In 2020, Daley started three games, two at right guard and one at left tackle. On December 22, 2020, he was placed on injured reserve.

Daley started nine games in 2021 but played in 15.

===Tennessee Titans===
On August 29, 2022, Daley and a 2024 seventh-round pick were traded to the Tennessee Titans in exchange for a 2024 fifth-round pick.

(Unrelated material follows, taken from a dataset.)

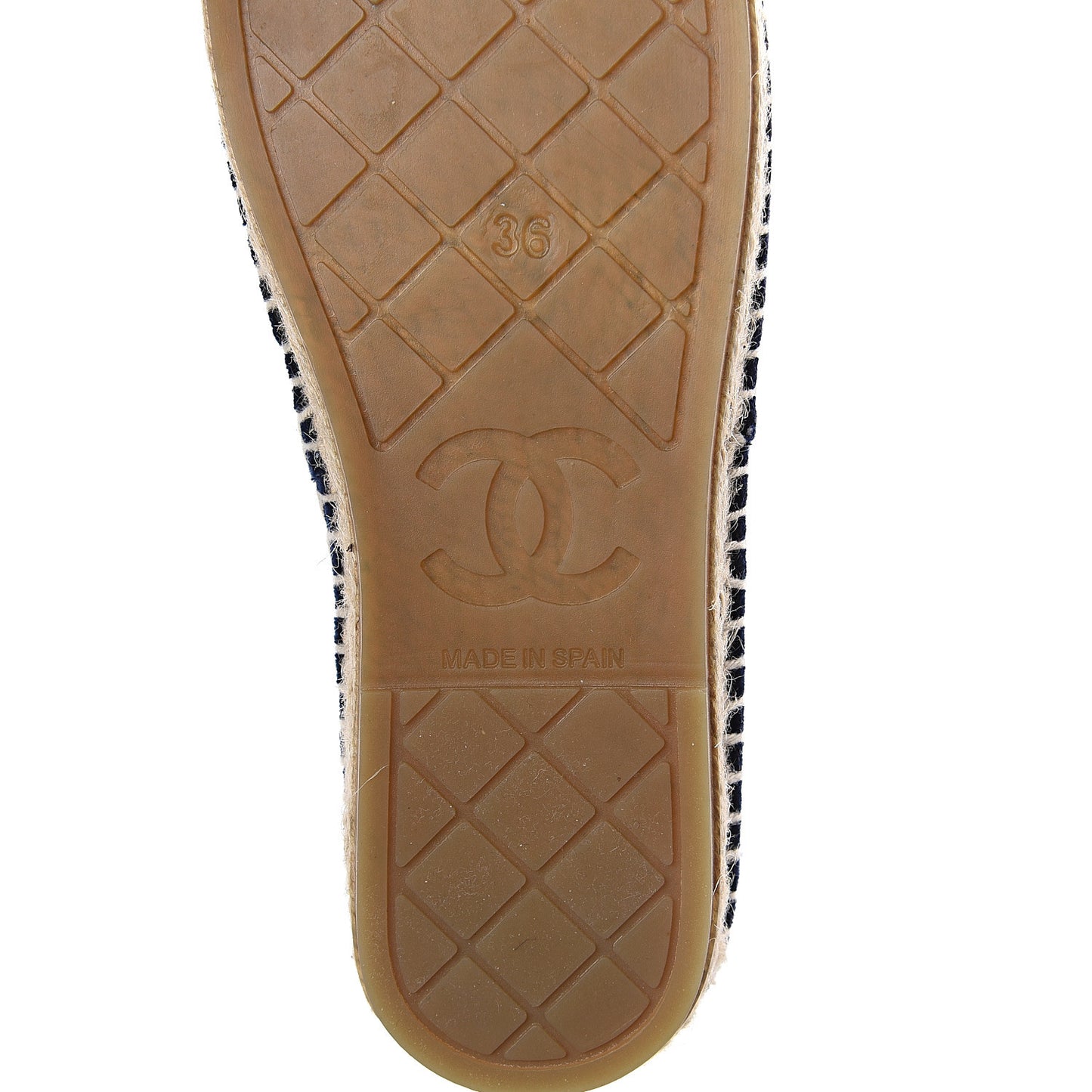 Velvet Logo Espadrilles 36 Navy Black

Daley was made the starting left tackle following an injury to Taylor Lewan on the first offensive play of the Titans' Week 2 game against the Buffalo Bills. Daley started for the Titans at left tackle for the rest of the season. Despite being part of the offensive line that blocked for Derrick Henry as he finished second in the league in rushing yards, Daley finished the season tied in the league for the most sacks allowed. At the end of the season, Pro Football Focus ranked the Titans' offensive line the worst in the league.

===Arizona Cardinals===
On March 21, 2023, Daley signed a two-year contract with the Arizona Cardinals. He was placed on injured reserve on August 31, 2023. Daley was activated on October 14. He finished the season playing in four games starting one.

On August 19, 2024, Daley was released by the Cardinals.

===Jacksonville Jaguars===
On November 5, 2024, Daley was signed to the Jacksonville Jaguars practice squad. He signed a reserve/future contract with Jacksonville on January 6, 2025. On August 3, the Jaguars announced Daley would be retiring from professional football.